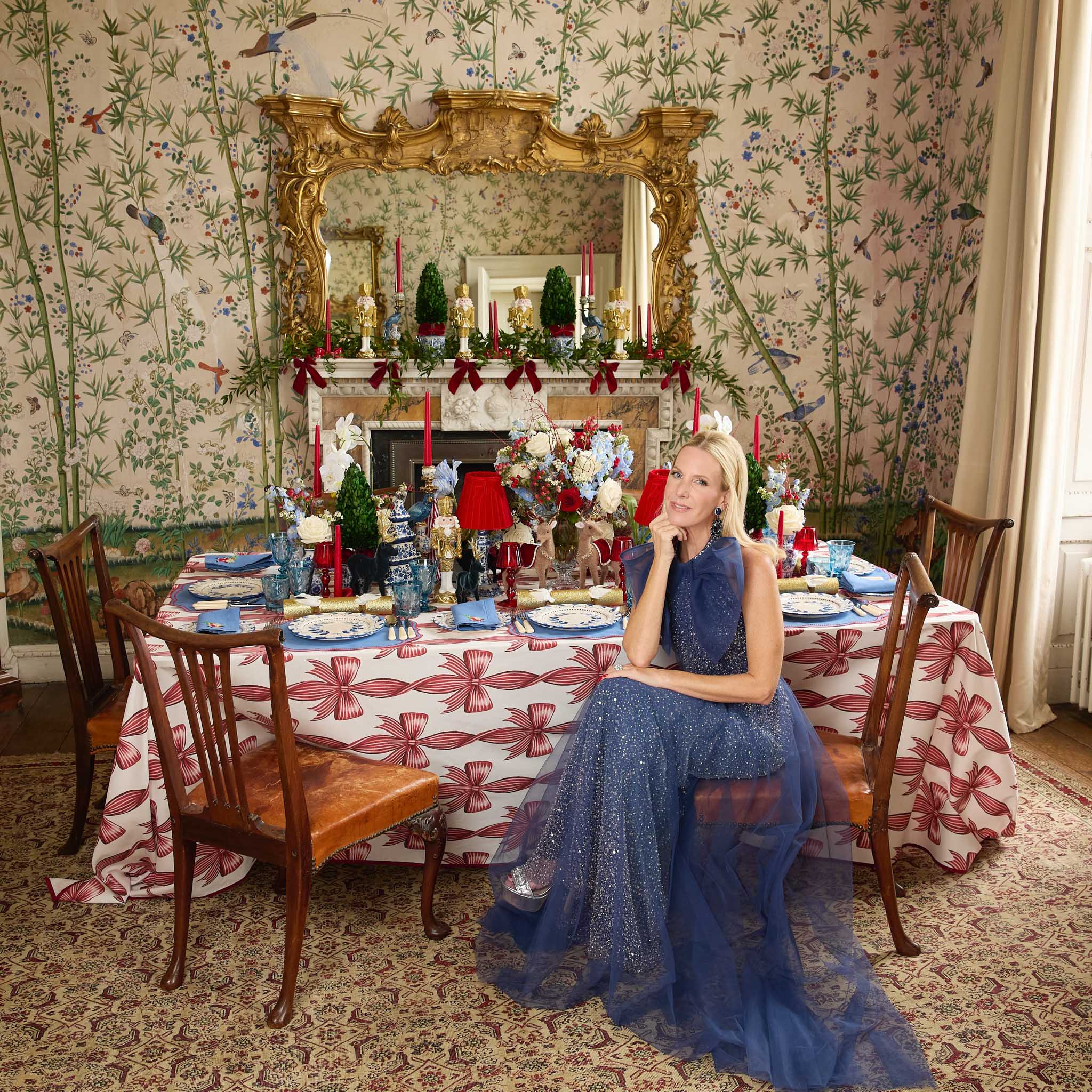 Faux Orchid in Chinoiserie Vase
*****
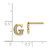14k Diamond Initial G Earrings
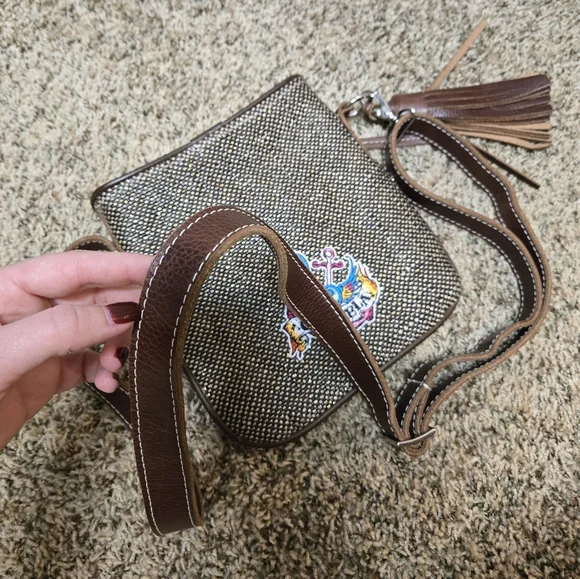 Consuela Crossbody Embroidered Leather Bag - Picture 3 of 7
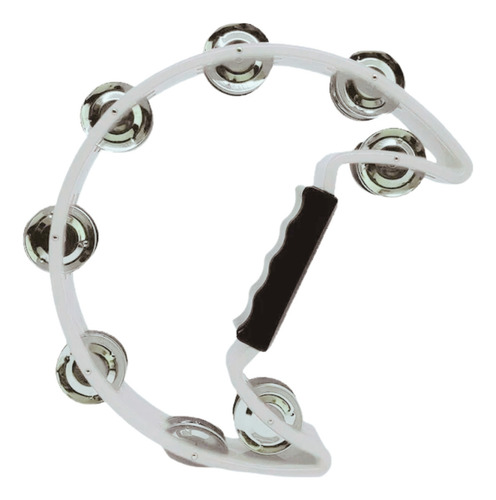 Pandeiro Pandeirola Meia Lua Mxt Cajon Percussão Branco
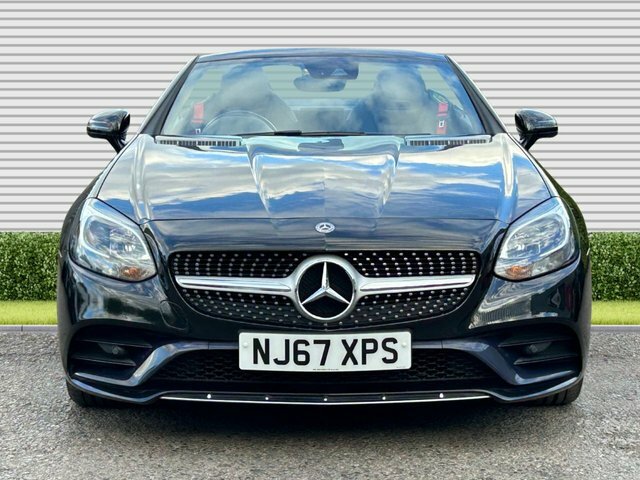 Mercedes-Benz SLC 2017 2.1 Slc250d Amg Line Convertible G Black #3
*****
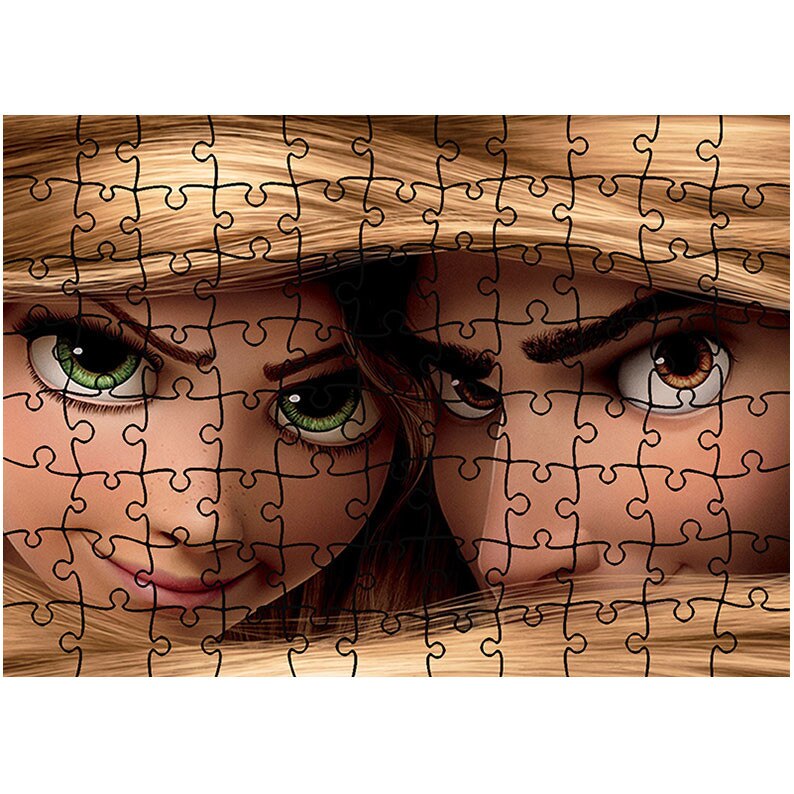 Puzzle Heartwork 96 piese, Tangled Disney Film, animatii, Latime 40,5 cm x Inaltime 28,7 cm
*****
▸ **Required action**
For this task, return exactly the stretch of the listing above from the line with "Consuela Crossbody Embroidered" through the line with "Mercedes-Benz SLC 2017", inclusive and without pictures.

▸ **Solution to the problem**
 Consuela Crossbody Embroidered Leather Bag - Picture 3 of 7
 Pandeiro Pandeirola Meia Lua Mxt Cajon Percussão Branco
 Mercedes-Benz SLC 2017 2.1 Slc250d Amg Line Convertible G Black #3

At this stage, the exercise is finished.